I thought I already knew the story about Gordon and Tina Wasson—the amateur mycologists turned ethnomycologists who popularized psilocybin—so when Mycelium Wassonii, with its relatively drab cover and characters drawn as Goofyesque dogs bred by Walt Disney and R. Crumb, landed on my desk, it didn’t initially draw me in. Then, I cracked the cover and suddenly I was in love and didn’t want the book to end. I wanted to savor every word and each illustrated detail—I wanted to stay in the crescendo of the increasingly immersive, intricate, and color-washed Wassonii web.
At its vibrant heart, Mycelium Wassonii is a love story, a conversion story, and an account of how Valentina and Gordon Wasson uncovered and shared psilocybin’s magical attributes. It’s also a sequel to Brian Blomerth’s 2019 graphic novel Bicycle Day, “a historical account of the events of April 19, 1943, when Swiss chemist Albert Hofmann ingested an experimental dose of a new compound known as lysergic acid diethylamide and embarked on the world’s first acid trip” on his bicycle ride away from his lab at Sandoz Laboratories in Switzerland.
The web spun in Mycelium Wassonii fruits with the Wassons’ love, specifically, their 1927 honeymoon trip to the Catskills where they unexpectedly encounter wild mushrooms—a source of delight to Valentina, but a horror to Gordon who refuses to eat what his new wife has so enthusiastically gathered and prepared. Instead, he lies awake alone, realizing that he has ruined his wedding night and fearing that he will find Valentina dead in the kitchen.

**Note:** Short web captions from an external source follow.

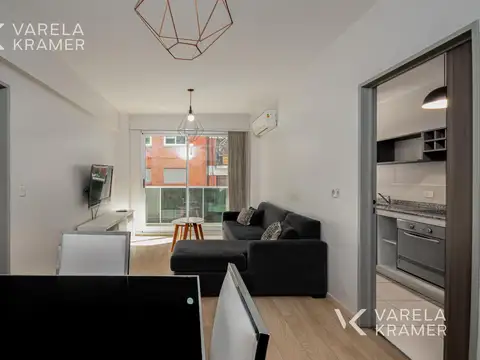 Departamento en Venta en Belgrano, Capital Federal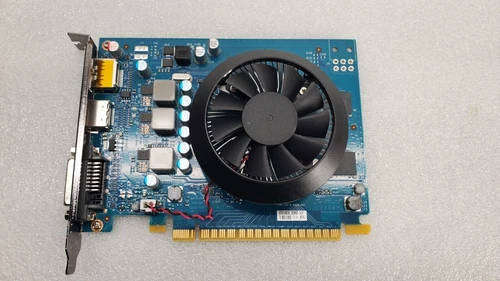 Dell OEM Nvidia GTX 1050 2GB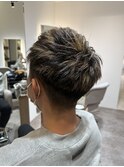 メンズショート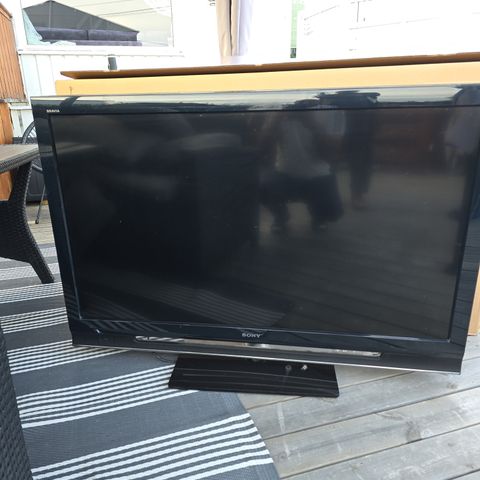 Sony bravia 55 tommer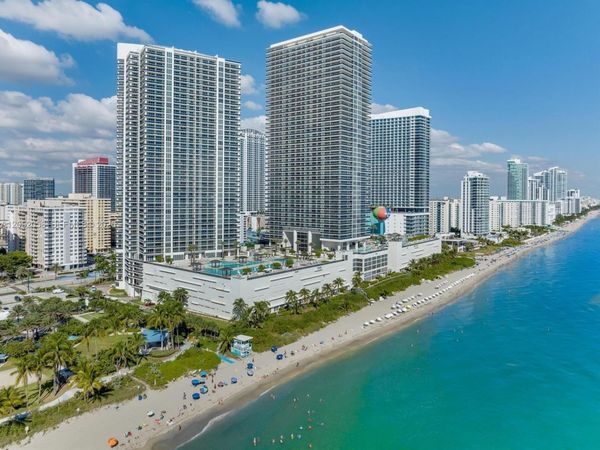 1800 S Ocean Dr , Unit 3109, Hallandale Beach, FL 33009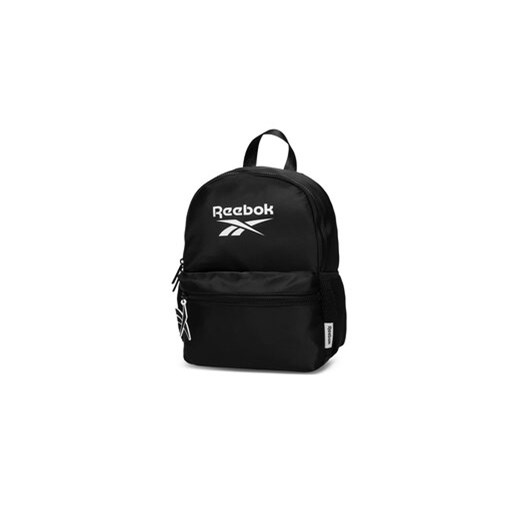 Reebok Plecak RBK-047-CCC-05 Czarny Reebok one size MODIVO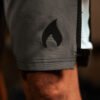Parachute Shorts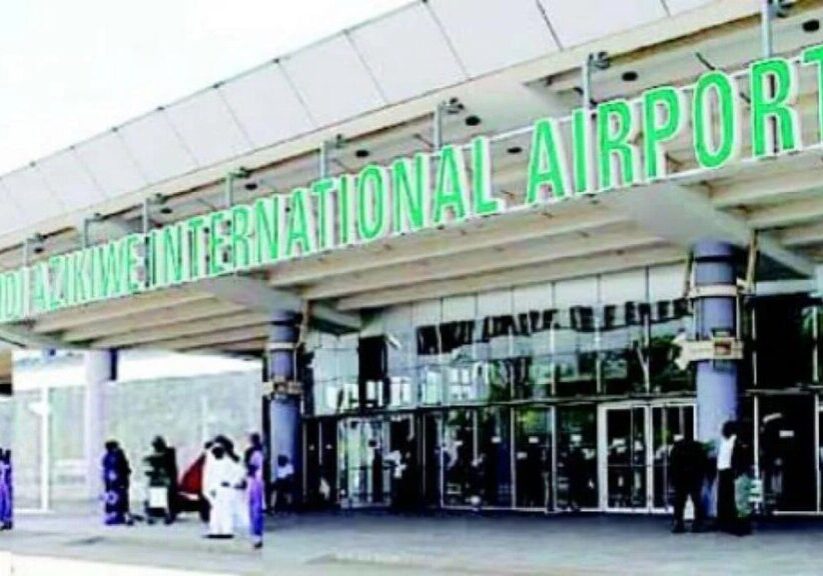 FG spent N8.73bn on power supply for Nnamdi Azikiwe Int'l FG spent N8.73bn on power supply for Nnamdi Azikiwe Int'l Airport, Abuja — Report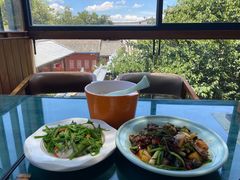 -云隐小厨·传统大理美食(复兴路店)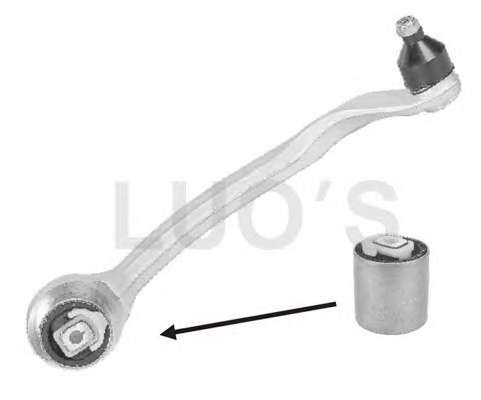 Рычаг независимой подвески колеса, подвеска колеса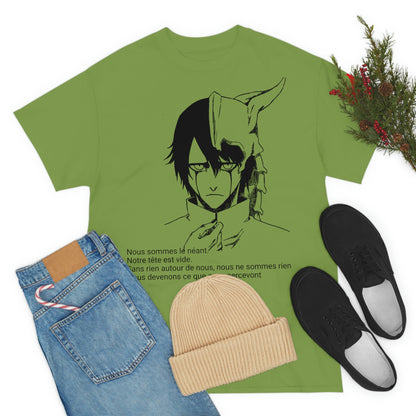 ULQUIORRA ESPADA 4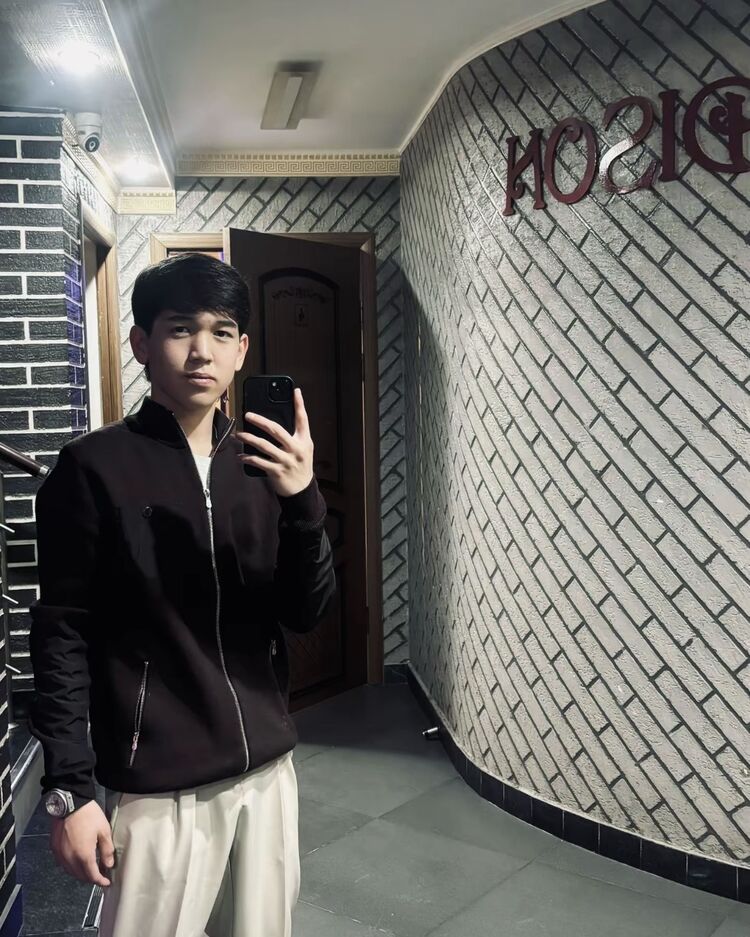 ���� 55802238 ����� Bagzhan, 18 ���, ���� ���������� � ��������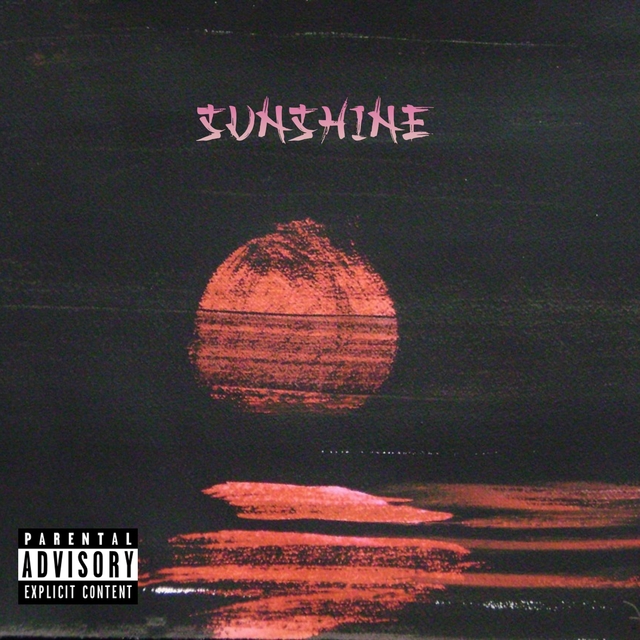 Couverture de Sunshine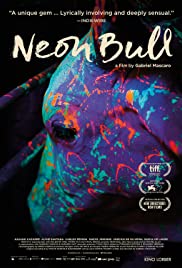 Neon Bull (Bio Neon) (2015)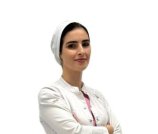 Магамгазиева Марина Вахаевна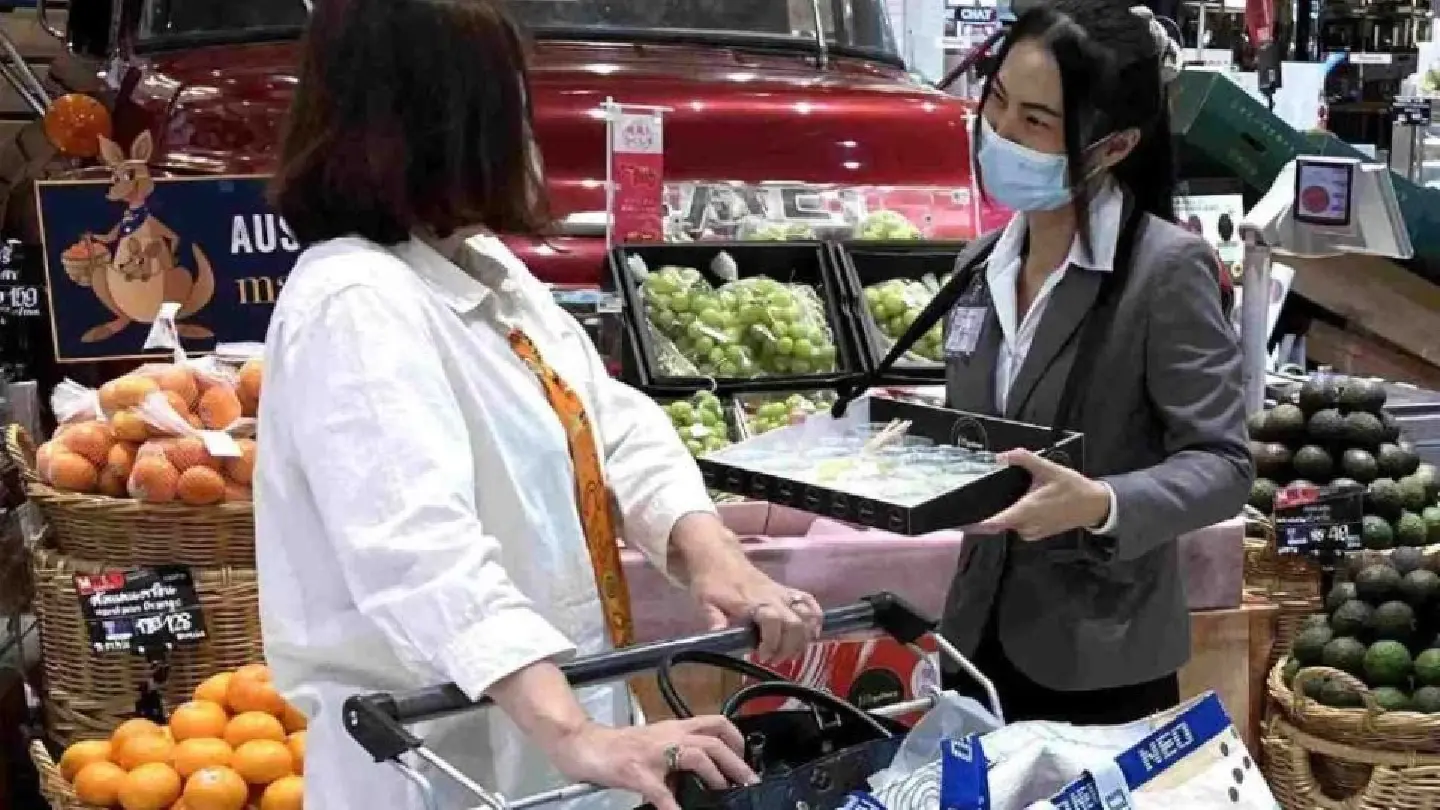 Fukushima targets taste buds in Bangkok, London, in bid to dispel rumours Fukushima targets taste buds in Bangkok, London, in bid to dispel rumours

Waking up next to her changes everything: Gordon rushes to the kitchen and eats a bolete and lots of other mushrooms; Valentina explains that mushrooms have been a part of her life since her childhood in Russia and that her mother taught her how to distinguish the delicious from the deadly.
Soon, Gordon decides he loves reading about mushrooms as much as he likes eating them. The illustrations of their date nights in the sumptuously detailed New York Public Library make their research seem as fun as a honeymoon foray, and as Gordon learns more about mushrooms and how they are used throughout the world, he develops an essay contrasting mycophilic cultures (like Russia’s) and his own English-influenced mycophobic upbringing.
Through a conversation with Robert Graves, a British literary celebrity, Gordon learns about “THE USE OF INTOXICATING MUSHROOMS AMONG MAZATECS IN MEXICO.” (Blomerth writes in all caps and employs idiosyncratic punctuation. He didn’t number the book’s pages, either so I can’t refer you to a specific one.) Gordon, Tina, and their daughter take a trip to Oaxaca where they encounter Maria Sabina, “A FIRST-CLASS CURANDERA.” Her generous tutelage more than satisfies the Wassons’ curiosity even as it diminishes Sabina; for example, she says that “EVER SINCE THE WASSONS CAME … THE MUSHROOMS STOPPED SPEAKING TO ME”.
At this point in the story, Blomerth has drawn magnificent mushrooms everywhere, deep in the margins, growing out of floorboards, at the ends of forks. The mushrooms even speak in runic speech balloons, as if they, too, are telling a story or commenting on Blomerth’s. “I GAVE THE MUSHROOMS A LANGUAGE,” he notes. “SHOULD YOU YEARN TO SUFFER, YOU CAN FIGURE THAT OUT.” I think most of us are trying, and Blomerth offers his encouragement: “I HOPE IT’S NOT LOST ON YOU DEAR READER THAT THIS IS A TRIUMPH OF AMATEUR MYCOLOGISTS.”
In other words, it’s a love story, and one that most NAMA members, figuring out the language of mushrooms, will enjoy. But Maria Sabina’s loss . . . . I hope that story can be told in more detail, with more sympathy and more mycology. In Mycelium Wassonii, her prediction, her last words, are “MAYBE THEY WILL SPEAK AGAIN . . . AS MEDICINE.”